Updated: Feb 18, 2020

It was the last summer. The last summer to see you. Slowly you were slipping away, but you felt even farther with the barrier of the gowns and masks. You were sick, and I was afraid. I was afraid that each time would be the last. Each time worse than the next. I couldn't bare to watch. I knew it was coming, but I ignored it. I ignored you.


As a kid, I was always embarrassed by you. I was embarrassed to show affection towards you because you were different. Everyone else had a mother and a father, but I only had you. My old, unhygienic, grandfather. Looking back, you had loved me like a father, and you always did your best. Though at the time it didn't feel like it was enough. Everything about me was different from all the other kids. Our family dynamic, my hair, even my name. No one could spell my name right. I hated being so noticeably different from all the other kids in my class. Growing up mixed with white parents in such a predominately white town produced issues I could never begin to understand as a kid. But you always stood up for me, and made sure everyone treated me right and respectfully.

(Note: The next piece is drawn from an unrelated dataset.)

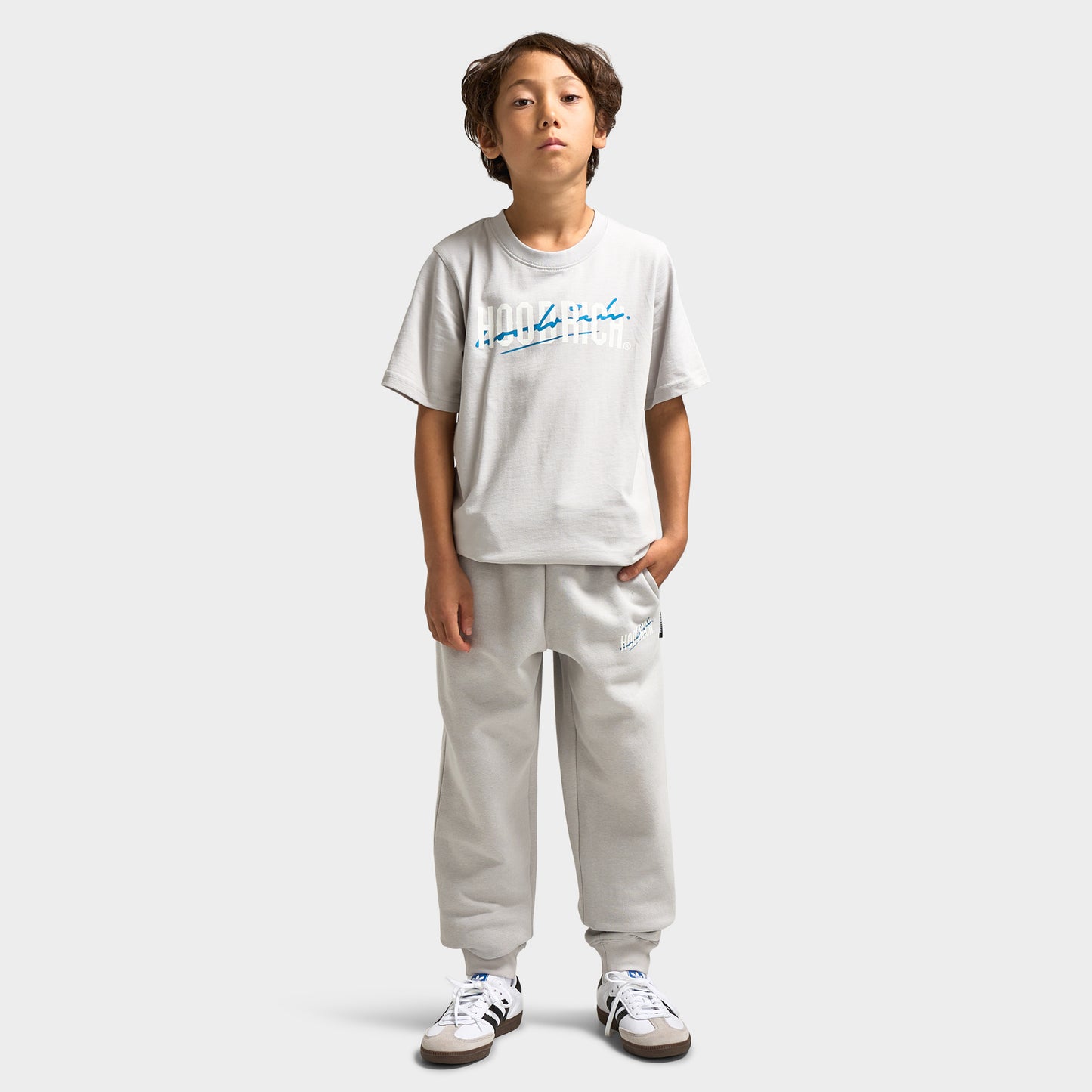 Hoodrich Juniors' Lynk T-Shirt Quiet Gray / White - Blue Danube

Now I am alone. Without your presence here I am back to being the outside, the racial slurs have picked up and she does nothing. Without you to put your foot down, she just watches, and enjoys my discontent. Nothing I ever do will be good enough for her, or any of them. You always pushed me to be the best I could, and when I failed you still praised me for trying. Everyone is waiting for me to fall, but you always were there to catch me. Hitting rock bottom sure hurts without you to soften the blow.


This summer I will be on my own. Moving out of this place is scary, not knowing if I will make it, but I know it has to be better than living here. Living ever moment in fear of what they are going to do next. Threats hurled, not knowing which ones are empty, and which ones are loaded. Everyone is blaming me for their own downfall. Everything. With everyone and everything against me, I am terrified. But I know, deep down, I will be okay. You taught me how to be okay. To push myself and to figure out and solve any challenges I am faced with. When in doubt, Duck-tape.


That last summer I had many regrets. I wished I had visited more. I wish I had fixed my mistakes. I wish I had chose so many things differently. But I am glad for the last day I saw you. I am glad I managed to tell you how I felt. I am glad I got to hear how you felt, that you were happy for me and all my accomplishments. That you were proud of me.